Almost there: Examining the travel demand, emissions, and effects associated with a socio-technical transition to automated vehicles in Sweden.

Doktorsavhandling, 2024

Global average temperatures have increased by 1.1 degrees Celsius since pre-industrial times. We know with near certainty that this warming and the associated climate change are caused by increased emissions of anthropogenic greenhouse gases (GHGs), and transportation is a large source of GHG emissions. Automated Vehicles (AVs) are slowly becoming a viable mode of transportation. There remains, however, uncertainty about how their introduction into the transportation system will happen, what effects this introduction could cause on travel distances, GHG emissions, and more broadly on society overall, and how AVs can be governed to avoid negative sustainability impacts and help achieve existing sustainability goals. The papers in this doctoral thesis aim to address these research gaps.

Paper 1 uses a travel demand model to assess the consumer surplus impact of AVs, their costs, and the ensuing effects on Vehicle Kilometres Travelled (VKT) and lifecycle emissions. The results showed that VKT increases can become substantial and that higher income earners in Sweden are more likely to purchase an AV and increase their travel distance than lower income groups.

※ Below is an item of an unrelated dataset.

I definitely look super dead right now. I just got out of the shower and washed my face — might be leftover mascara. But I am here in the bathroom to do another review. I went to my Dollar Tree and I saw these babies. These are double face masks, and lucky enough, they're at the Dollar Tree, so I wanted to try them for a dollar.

Paper 2 uses mixed methods to examine the driving and restraining forces and pressures that could influence the introduction of AV technology in the City of Gothenburg. Paper 3 studies the societal consequences of AV technology, and policies to control negative potential consequences and stimulate the positive ones. These papers found that explicit policy planning for AVs is likely needed if the existing transportation goals within the City of Gothenburg are to be met, and that cooperation between different actors and reflexivity will be crucial as new iterations of AV technology are introduced.

Paper 4 uses a backcasting-inspired approach to first envision a future where AVs are fully deployed and sustainability goals are met and then to examine how that future image could be obtained for some selected technology systems and policies. It was found that increased national funding to regions and cities, along with improved cooperation between all levels of government on policies like a kilometre tax, is crucial in this scenario. Measures such as Bus Rapid Transit and Demand-Responsive Transit could benefit from these efforts, especially before AV technology is fully mature. However, successfully implementing these policies will require careful planning and cooperation between municipal, regional, and national governments.

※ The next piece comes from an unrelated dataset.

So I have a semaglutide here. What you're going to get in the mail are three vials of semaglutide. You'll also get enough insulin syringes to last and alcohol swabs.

In conclusion, it is clear that although there is little AV-specific policy in Sweden (Paper 2), there are environmental and transport policy goals at all levels of government that are well-suited to guide the introduction of the technology (Papers 3 and 4) so that potential negative impacts can be avoided (Paper 1). Finally, while it is theoretically possible to meet domestic emissions reductions goals without AV technology, the findings in Paper 3 and Paper 4 show that with careful planning AVs can help contribute to the fulfilment of sustainability goals related to a myriad of indicators including safety, accessibility, and supply-chain emissions, as well as domestic emissions reductions.